Casado, com filhos, professor do ensino secundário no Nepal, Kamal deixou tudo por um trabalho na agricultura em Portugal. Uma agência de recrutamento foi buscá-lo ao seu país. Passou alguns meses na Polónia, a trabalhar num aviário. E apanhou, de lá, um autocarro com destino às estufas de frutos vermelhos que abundam hoje no sul português. Kamal, nome fictício, veio para ganhar o salário mínimo – e reparti-lo com recrutadores, deixando ainda parte para as refeições e para pagar a cama da camarata onde dormia. No fim, sobrará metade.
A agricultura portuguesa continua a atrair, sazonalmente, imigrantes do Nepal, do Bangladesh, e também muitos do Leste europeu como Ucrânia ou Bulgária. São números que ficam fora das estatísticas do INE sobre o rendimento dos trabalhadores por conta de outrem na agricultura. Os últimos dados, conhecidos este mês, mostram que os salários agrícolas foram os que mais cresceram no ano passado entre todos os setores de atividade (ver infografia). Subiram 9,5%. Na região de Lisboa, o salário médio agrícola ultrapassou pela primeira vez os mil euros, aumentando 43%; no Algarve cresceu 27% e no Norte aumentou 10%.
A história do rendimento do trabalho agrícola cresceu, nos anos recentes, em dois campos sem simetria. O lado mais soalheiro, o que vê estes rendimentos entre os que mais crescem, é explicado pela Confederação dos Agricultores Portugueses (CAP), que vê convergir um aumento da produtividade e a escassez de mão-de-obra, bem como a subida do salário mínimo, que este ano ficará nos 600 euros.

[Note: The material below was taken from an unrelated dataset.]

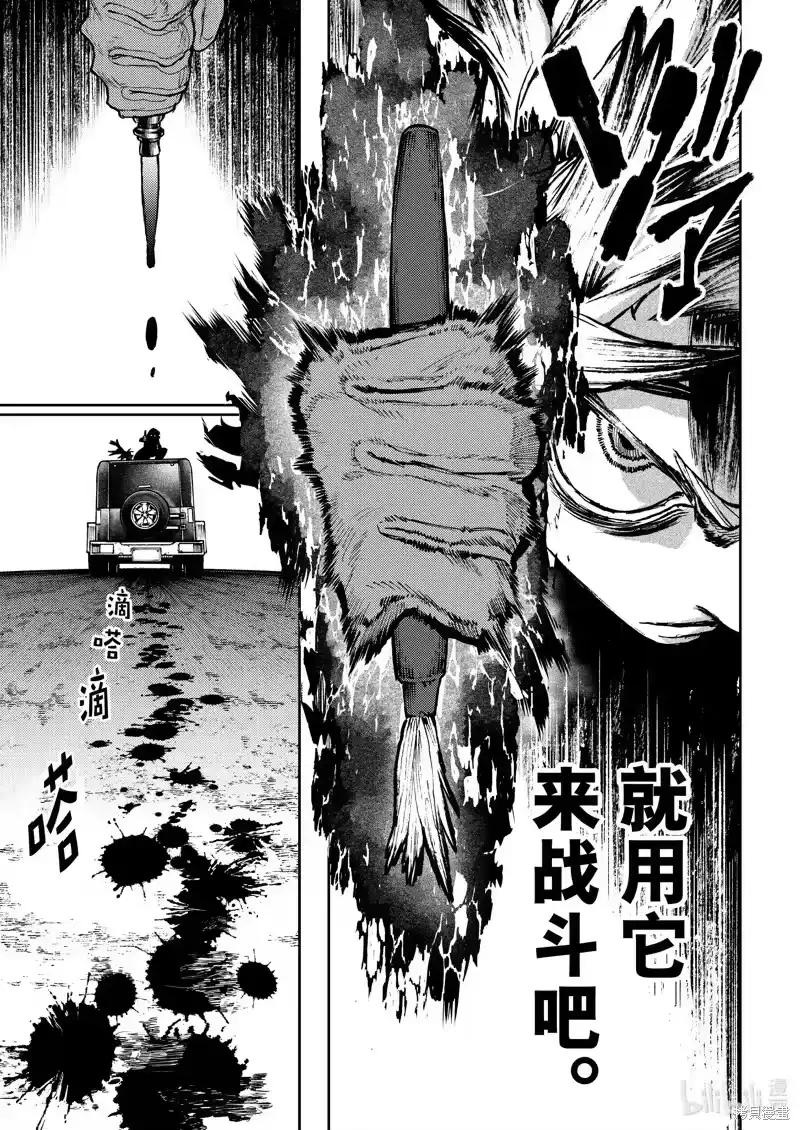 废渊战鬼_h 第95话 第9页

A CAP destaca que “o setor está a ganhar escala, muito pela dinâmica das exportações, nomeadamente do setor das frutas, pequenos frutos e legumes – por exemplo na região Oeste e Lisboa -, assim como pelo grande impulso originado pela nova realidade na região do Alqueva”, segundo explica o presidente, Eduardo Oliveira e Sousa. E com o aumento de escala, também puxar pelas qualificações dos trabalhadores, colhem os salários, defende. “Todos estes fatores contribuem, necessariamente, para esta subida dos vencimentos médios dos nossos trabalhadores”.

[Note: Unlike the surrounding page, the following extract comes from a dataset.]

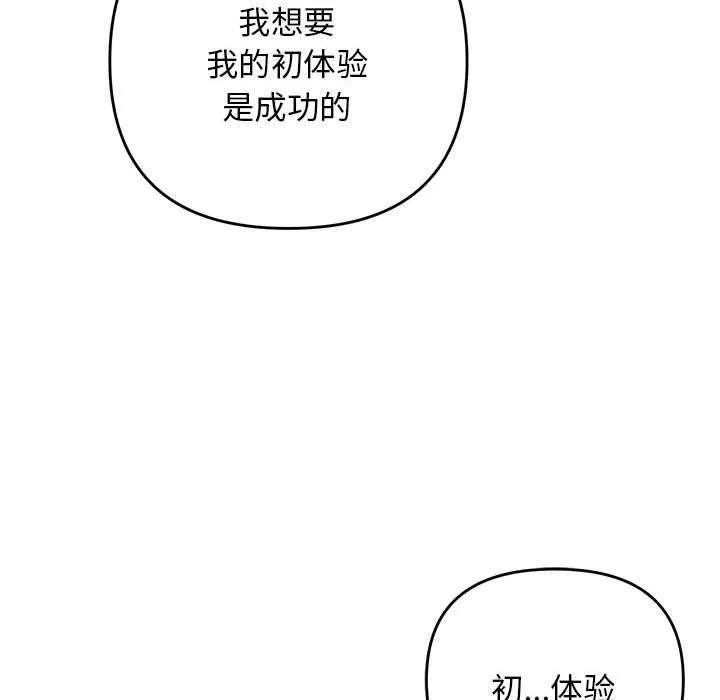 邻居跑路中第35話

De fora, admite a CAP, fica a realidade do trabalho sazonal. Com uma população de trabalhadores agrícola cada vez menor – pouco mais de 120 mil em 2011- o setor insiste na necessidade de recrutar fora. “Quanto à mão de obra sazonal, a questão é mais preocupante e apenas resolúvel através da imigração de trabalhadores de países terceiros”, diz a organização.
Rendimento invisível
A dificuldade em obter vistos de trabalho, quer junto do Serviço de Estrangeiros e Fronteiras, quer nos serviços consulares no exterior, é um dos entraves ao recrutamento, mas também mais um dos fatores a empurrar mão de obra para a clandestinidade, diz Cláudia Pereira, coordenadora do projeto Imigração e Exploração Laboral do ISCTE-IUL.“Estando indocumentados é muito difícil a própria empresa ter todos os procedimentos legais”.

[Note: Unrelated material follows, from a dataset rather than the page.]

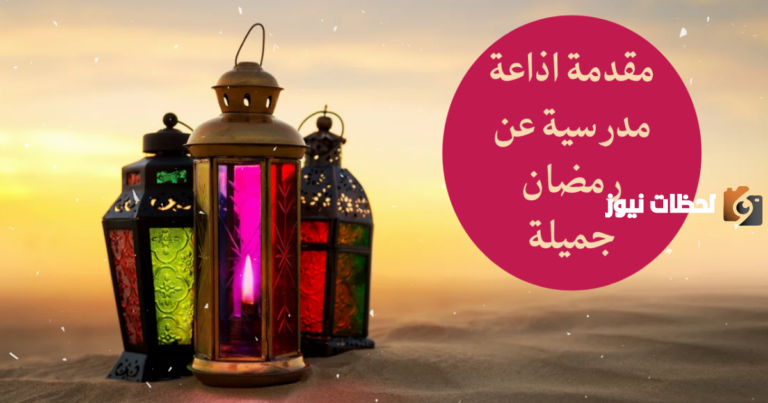 أجمل فقرة هل تعلم للإذاعة المدرسية عن شهر رمضان المبارك 2025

A investigadora tem vindo a acompanhar nos últimos anos grupos de imigrantes nepaleses que chegam ao país para trabalhar nas estufas do Algarve para intermediários das explorações agrícolas. Cláudia Pereira recolheu cartões de mais de 40 dessas empresas que se oferecem para trazer mão de obra para os campos do país. Algumas serão legais. A maioria não. E os valores que oferecem podem também ser muito diferentes.
“Enquanto algumas empresas – nós vimos três, na verdade – pagavam à hora seis euros, há muitas – e nós temos mais de 40 cartões de agências intermediárias – que oferecem trabalho fora da Europa por menos de seis euros, e algumas por 3,45 euros”, descreve a investigadora sobre dados do trabalho que em breve será publicado.
Mas não são ainda esses os valores finais que os imigrantes levarão de volta a casa no fim da campanha. “A agência de recrutamento recebe quase metade. Com o dinheiro que o trabalhador recebe, de dois euros ou menos, ainda tem de pagar comida e às vezes ainda tem de pagar o aluguer da camarata. É dramático”, diz a investigadora.
Ainda assim, este rendimento invisível e ceifado pela metade, poderá será este verão maior do que foi há um ano, nos casos onde há efetivo emprego legal. Por um lado, porque aumentou o salário mínimo. Por outro, porque desde agosto estes trabalhadores deixaram de enfrentar uma retenção obrigatória de rendimentos de 25% pelo facto de serem oriundos de países de fora da União Europeia. O fim da taxa foi conseguido pela CAP junto do governo, destaca Cláudia Pereira.